Aux excès laudateurs de naguère se sont succédé les excès du spectaculaire et du vulgaire. Certes, les débats académiques ou d’idées ne cadrent nécessairement pas avec le traitement rapide et évènementiel de l’information ni même avec le penchant intime des téléspectateurs et des lecteurs, mais la presse doit obligatoirement faire l’effort de pousser les citoyens à réfléchir et non d’encourager le penchant au comptage des points comme si les débats politiques se résumaient à un match de boxe. A vouloir faire mieux que son voisin en impertinence et en provocation inutiles, on finit par vider toute vie politique de substance et de respectabilité. Jules Romains disait et avec quelque justesse que les « esprits d’élite discutent des idées, les esprits moyens des évènements et les esprits médiocres des personnes ». Un dernier point qui ne manquera pas de me valoir quelques piques. Le verdict populaire est à respecter, pour peu que certaines règles aient été observées, un minimum en tout cas. Mais le verdict populaire n’est pas sacré au sens théologique, et il ne doit aucunement être sacralisé. Le peuple a le droit de voter pour qui il veut et tout démocrate doit en prendre acte et s’incliner, mais de là à stigmatiser tous ceux à qui il arrive de penser que ce choix est malheureux ou contestable, un pas est vite franchi. Aucun peuple n’est infaillible, ou alors il faudra carrément dire que c’est l’inspiration divine qui lui a dicté ses choix électoraux. Ce n’est évidemment pas le cas, quoique certains se soient acharnés à le faire croire. Le discours selon lequel nul n’a le droit de critiquer les résultats des élections au sens politique est par là même un discours affligeant, populiste et finalement anti-démocratique. Au fond, l’essentiel est peut être ailleurs. La révolution n’a pas réussi à changer nos âmes, ni nos mentalités, ni notre individualisme forcené en politique, ni notre penchant au nihilisme et à la division. Comment peut-on croire alors que la révolution tunisienne puisse aboutir d’autant que chacun continue à broder dans son coin, sans écouter vraiment ce que dit l’autre ?

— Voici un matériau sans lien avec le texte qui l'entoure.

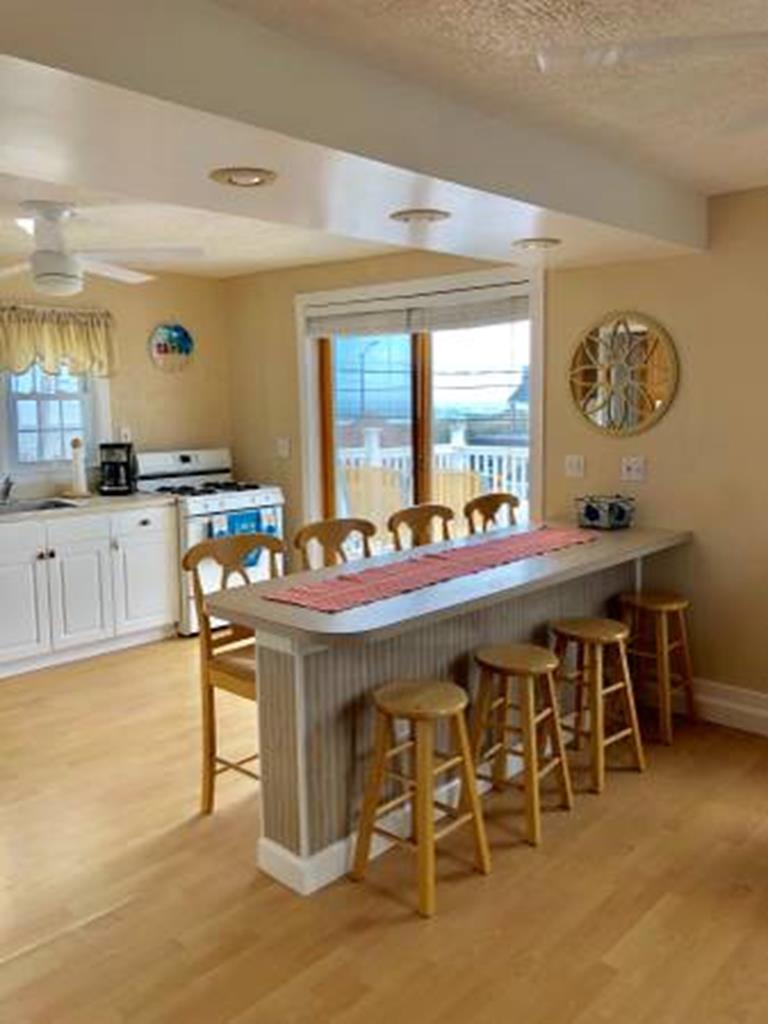 17 43rd Street - Picture 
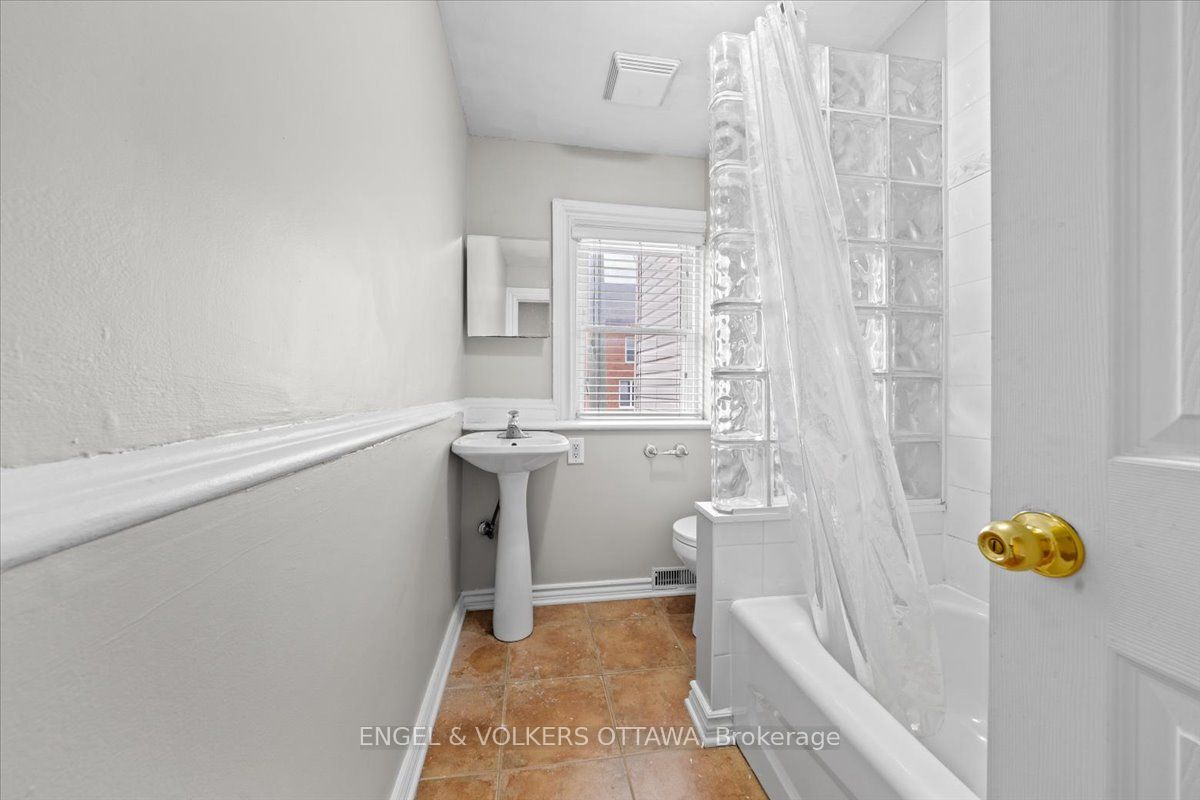 118 King Edward Avenue Property Photo 24
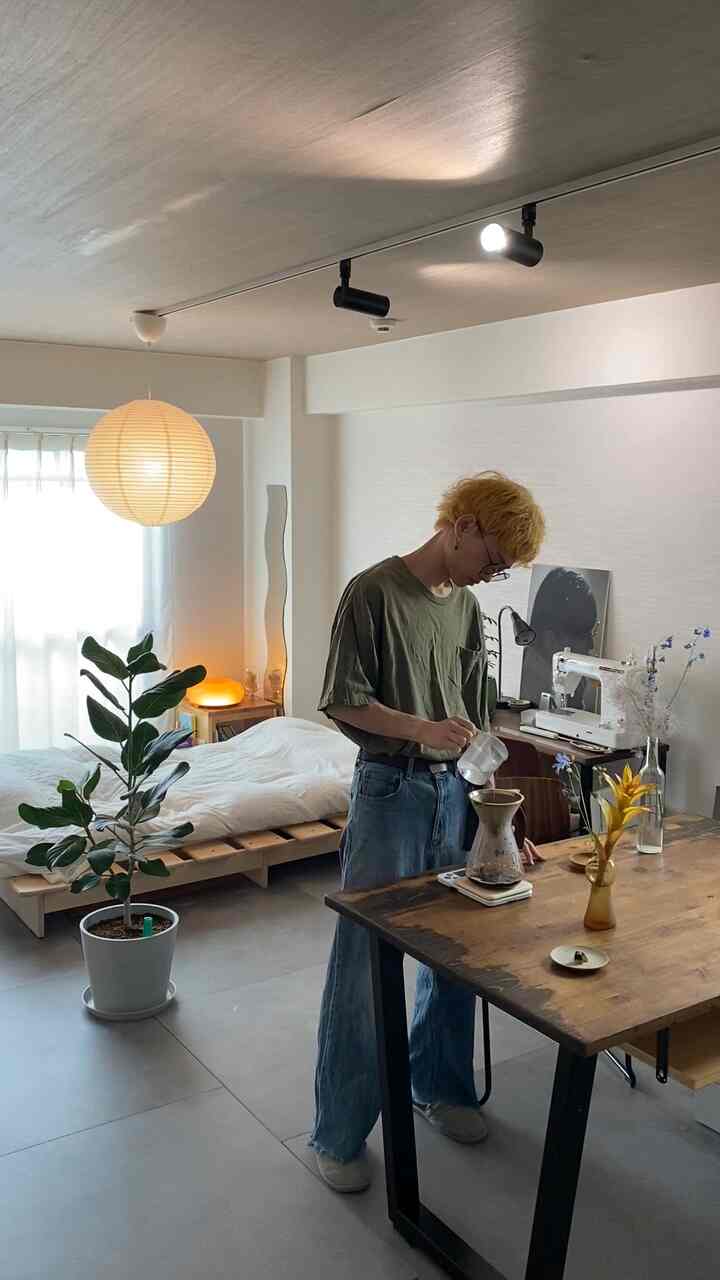 ☕️☀️
　　
#Hidup sendiri #Ruang tamu sendiri #Sewa #1R #Ruang studio #Jepang modern #DIY #Tanaman hias #Ficus #Pohon karet #Kopi #Hidup dengan kopi #Hidup di Kyoto #season6 #ambassador #Ubin lantai #JAY #IKEA #KANADEMONO # 63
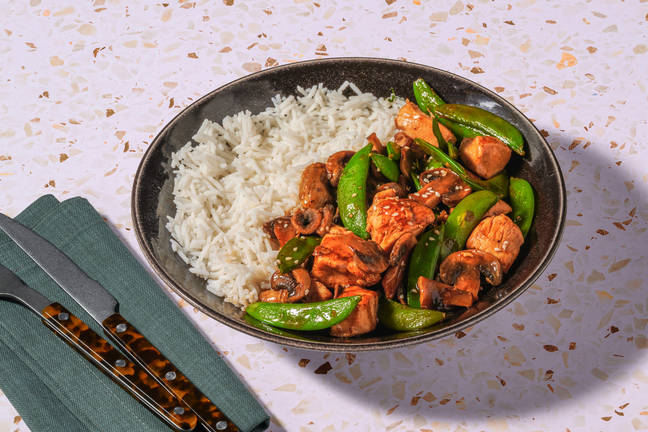 Speedy Cantonese Style Chicken Stir-Fry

Si l’on observe ce qui se passe dans les réunions, meetings ou sur Internet, on constate que les propositions et les idées fusent de partout et dans tous les sens, sans lien et sans suite.

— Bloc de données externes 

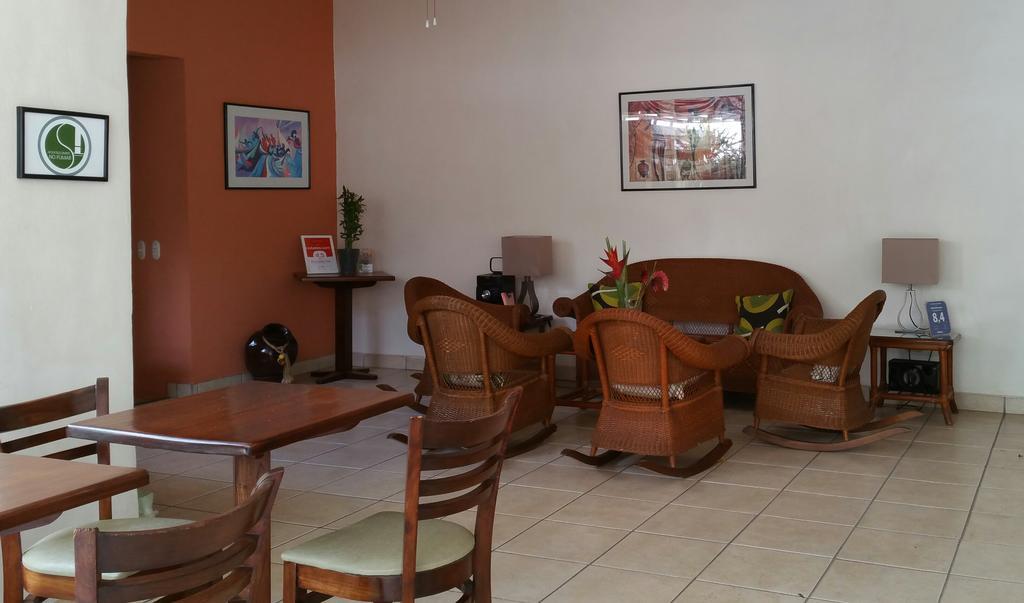 Hotel El Almendro Managua Eksteriør billede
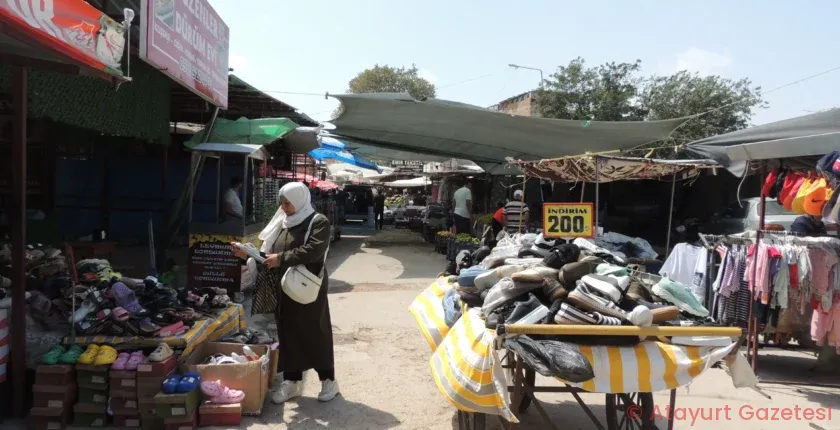 ANTAKYA’DA PAZARCI ESNAFI HER SABAH BİR UMUTLA TEZGAHLARINI AÇIYORLAR. ANTAKYA’DA PAZARCI ESNAFI HER SABAH BİR UMUTLA TEZGAHLARINI AÇIYORLAR.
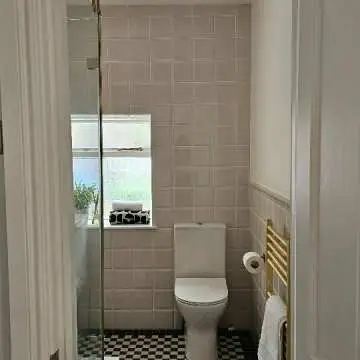 Capsule® Cotton White Gloss Bevelled 150x150 Wall Tiles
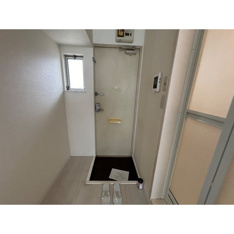 落ち着いた玄関です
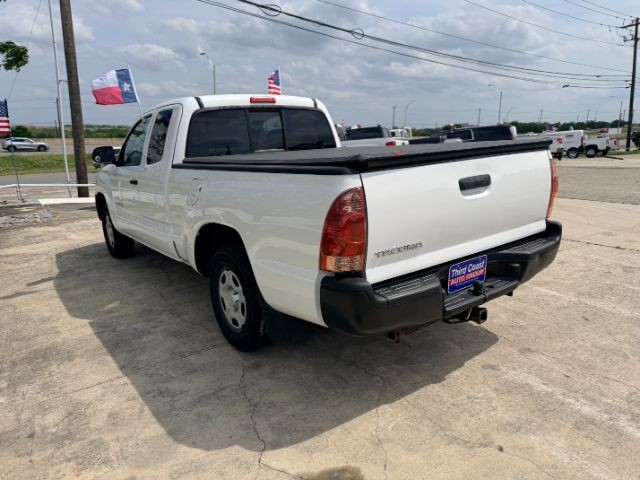 Toyota Tacoma Vehicle Full-screen Gallery Image 03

A voir le foisonnement des idées et le grouillement de la société civile et de la vie associative, on pourrait croire que le pays est riche en femmes, hommes et intellect, c’est peut être le cas, mais c’est insuffisant pour consolider la démocratie et pour atteindre les buts fondamentaux de la révolution. Car à quoi servent les idées si elles n’envahissent pas le champ politique et ne se transforment pas en programme de gouvernement et en quoi les êtres sont-ils utiles s’ils ne se plient pas à la nécessité de travailler en commun dans le but de présenter au pays une solution politique de rechange, capable d’assurer, le cas échéant, l’alternance au pouvoir?